What was happening? The hard water, heavily laden with calcium, was naturally alkaline because the calcium acts as a buffer system that naturally maintains the water at an alkaline pH. And, the final pH depends a lot on the calcium concentration in the water, with harder water being more alkaline.

If you add some acidifying agent like bisulfite you are trying to overpower this calcium buffer system. The deceptive part is that it works for a few days making the aquarist think they've actually accomplished something. But, the various biological processes working in the aquarium would eventually consume the bisulfite, allowing the calcium buffer system to recover.

But why did the fish still die? The pH roller coaster ride would weaken them, they'd contract some hideous infection, and die. Or, the salt concentration from all that bisulfite would eventually reach a level that was harmful to the fish. (South American catfish and tetras, for instance, are notoriously sensitive to excessive salt concentrations.)

In the meantime the aquarium shop sold hundreds of pH testing kits, thousands of bottles of bisulfite, and eventually untold numbers of tanks full of expensive tropical fish before the hobbyist (usually by pure luck) happened on fish that were pre-acclimated to hard water, or figured out the problem.

What should the aquarist really do? Remove the calcium from the water. There are two good methods for doing this. One is to set up the aquarium with distilled, demineralized, or reverse osmosis water (no calcium at all), then check the pH daily, adding small quantities of hard (i.e., calcium laden) tap water until a uniform pH was reached within the desired range. Once an appropriate but small amount of calcium built up to maintain only a weak buffer system, the pH would remain indefinitely near the desired value.

Or, use a small Zeolite, water softening kit (available in any really good aquarium shop) in the filter to remove the bulk of the calcium from the initial tap water. This too requires daily checks of pH, but when it reaches the desired value one must merely remove the water softener kit, and the pH will remain at the desired level almost forever. (Don't waste your money on a calcium test kit. You don't care about the calcium. It's the final pH that you're interested in.)

The moral to this story: Don't waste your time trying to fiddle with peat's pH. You're fighting a naturally occurring system that has complete control of the game, and the game is fixed: You lose!

You also need to understand that even if you were able to magically make peat less acid in an effort to retard something's growth, there are 12 dozen other species of something else waiting in the wings that will grow just fine on neutral or alkaline peat. You haven't changed the game one bit. You've only changed the players!

*BEGINNING OF RANT*

So, how do you get rid of the mushrooms once and for all?
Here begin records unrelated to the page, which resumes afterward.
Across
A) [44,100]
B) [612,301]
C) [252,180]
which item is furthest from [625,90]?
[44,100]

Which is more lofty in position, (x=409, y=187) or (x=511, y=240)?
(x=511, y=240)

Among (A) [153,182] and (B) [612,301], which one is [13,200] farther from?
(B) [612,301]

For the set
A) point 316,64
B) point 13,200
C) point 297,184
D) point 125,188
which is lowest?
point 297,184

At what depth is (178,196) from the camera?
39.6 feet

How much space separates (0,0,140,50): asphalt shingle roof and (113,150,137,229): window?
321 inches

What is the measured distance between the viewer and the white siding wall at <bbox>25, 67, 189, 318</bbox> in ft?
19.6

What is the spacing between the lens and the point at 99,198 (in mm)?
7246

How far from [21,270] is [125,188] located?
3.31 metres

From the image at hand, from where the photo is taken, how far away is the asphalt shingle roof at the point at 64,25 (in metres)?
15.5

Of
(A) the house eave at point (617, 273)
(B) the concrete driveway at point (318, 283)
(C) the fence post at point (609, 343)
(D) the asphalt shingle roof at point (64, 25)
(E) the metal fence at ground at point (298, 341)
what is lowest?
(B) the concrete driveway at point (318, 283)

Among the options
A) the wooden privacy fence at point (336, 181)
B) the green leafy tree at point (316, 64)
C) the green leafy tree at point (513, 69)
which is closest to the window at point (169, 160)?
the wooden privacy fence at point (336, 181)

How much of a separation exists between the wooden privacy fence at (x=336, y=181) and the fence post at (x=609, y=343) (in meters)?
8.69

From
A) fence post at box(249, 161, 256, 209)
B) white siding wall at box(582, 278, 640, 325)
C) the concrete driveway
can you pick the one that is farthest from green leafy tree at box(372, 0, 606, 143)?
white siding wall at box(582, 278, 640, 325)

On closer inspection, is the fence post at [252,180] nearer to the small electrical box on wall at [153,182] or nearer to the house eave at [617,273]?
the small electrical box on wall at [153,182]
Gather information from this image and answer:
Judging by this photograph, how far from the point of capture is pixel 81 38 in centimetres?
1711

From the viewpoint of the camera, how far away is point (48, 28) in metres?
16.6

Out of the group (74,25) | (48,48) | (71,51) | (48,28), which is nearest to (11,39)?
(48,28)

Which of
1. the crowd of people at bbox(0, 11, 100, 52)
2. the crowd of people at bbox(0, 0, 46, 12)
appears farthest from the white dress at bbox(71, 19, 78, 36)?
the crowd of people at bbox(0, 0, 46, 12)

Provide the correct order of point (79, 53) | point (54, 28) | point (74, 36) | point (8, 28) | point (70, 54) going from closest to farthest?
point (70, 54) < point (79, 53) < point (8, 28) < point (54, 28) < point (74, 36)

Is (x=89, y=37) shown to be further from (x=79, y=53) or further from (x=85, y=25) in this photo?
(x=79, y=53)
Dry the tarantula's cage out. Very few fungi are capable of living in an arid habitat. And, if you've been paying attention, that's what we've been preaching for decades.

Very few tarantulas require a high humidity or a swamp cage. Unless you're trying to keep one of those few, keep the peat, coconut husk, whatever substrate bone dry. You can raise the humidity in your cage by simply installing a larger water dish and covering the open part of the cage with plastic food wrap. Problem solved! No more mushrooms, mold, mites, springtails, etc. And, the tarantula still has a reasonably humid habitat if that's your concern.

But, you cry, "How do I grow my XXXX plant in a desert dry cage?"

Don't be silly. The only reason you're trying to grow plants with your tarantula is that you like to see the plants growing. I'll give you big odds that your tarantula has never, Never, *NEVER* told you it needed a live plant in its cage!

If you need to grow live plants, set up a Wardian case or something similar for the plants. Keep you tarantula in a cage that's designed for tarantulas. (But refer to the very last paragraphs for an intriguing workaround.)

"But, I want to keep my tarantula in a natural and organic habitat that mimics its natural environment to keep it happy and healthy!" Horse pucky! Haven't you been paying attention? In the jungle or desert, everything tries to parasitize the tarantula, infect the tarantula, or eat the tarantula alive. Tarantulas die in the wild! And, because they breed naturally by themselves, Mother Nature doesn't have to pay for them, and doesn't give a rat's behind.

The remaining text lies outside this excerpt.